YOUR ASSIGNMENT:
Please make sure what you return matches the listing below exactly, minus its pictures.

*** Opening DATA SHOWN ***

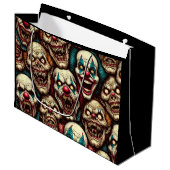 Griezelige enge clown zombie groot cadeauzakje (Voorkant Gekanteld)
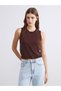 Alita City Farkıyla Xside Brown Knitwear Plain Women's Sweater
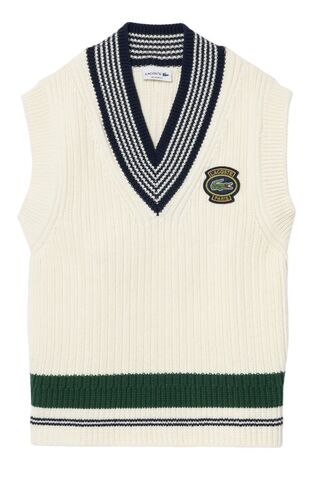 Женская теннисная жилетка Lacoste Heavy Knit Badge Tennis Sweater - white/navy blue/green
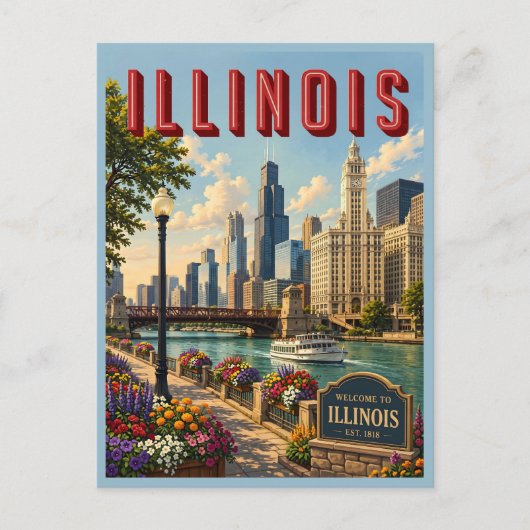 Illinois Chicago River Postkarte (Vorderseite)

*** Closing DATA SHOWN ***

FINISHED TASK:
 Griezelige enge clown zombie groot cadeauzakje (Voorkant Gekanteld)
 Alita City Farkıyla Xside Brown Knitwear Plain Women's Sweater
 Женская теннисная жилетка Lacoste Heavy Knit Badge Tennis Sweater - white/navy blue/green
 Illinois Chicago River Postkarte (Vorderseite)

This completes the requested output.